(Data)

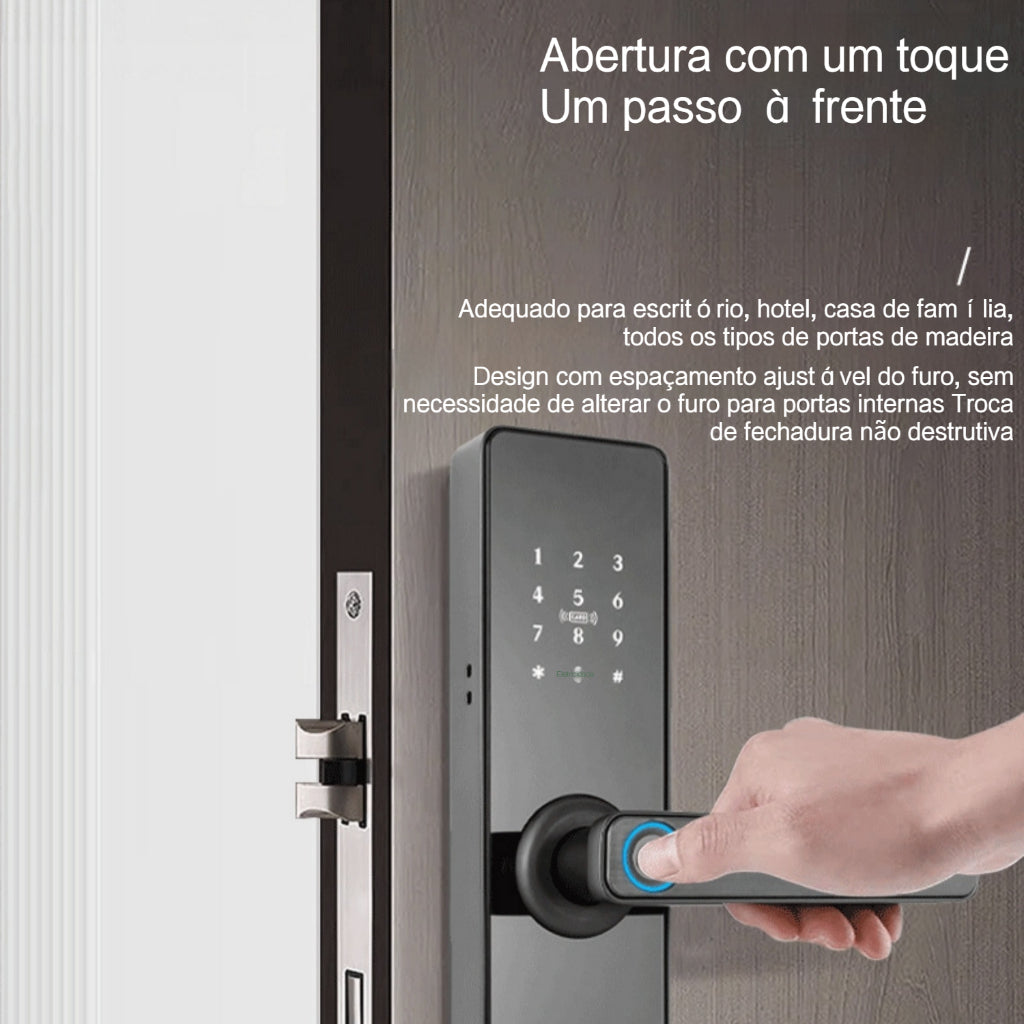 Fechadura Digital Eletronica Inteligente com Biometria, Touch e Wi-Fi - Impressão Digital Segura, Instalação Fácil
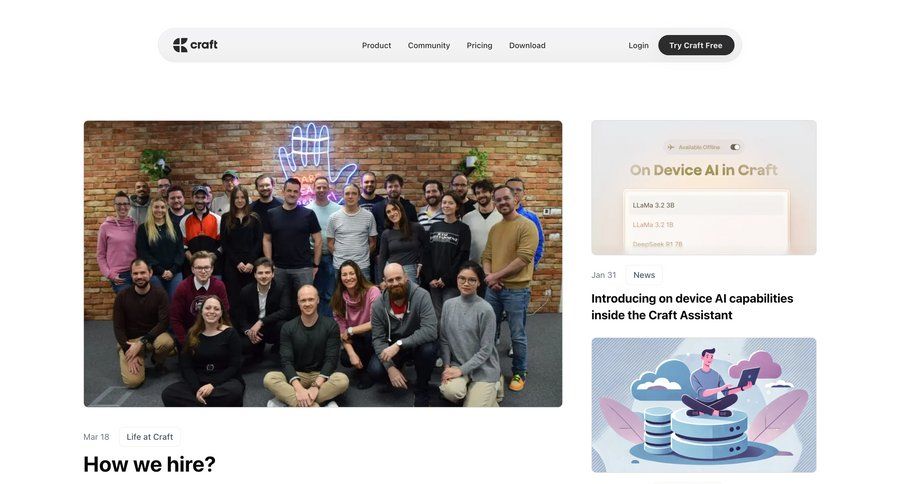 Craft
				blog ui page example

(End Data)

Assignment: The aim is an exact repeat of the entire listing, stripped of pictures.

Task answer:
 Fechadura Digital Eletronica Inteligente com Biometria, Touch e Wi-Fi - Impressão Digital Segura, Instalação Fácil
 Craft
				blog ui page example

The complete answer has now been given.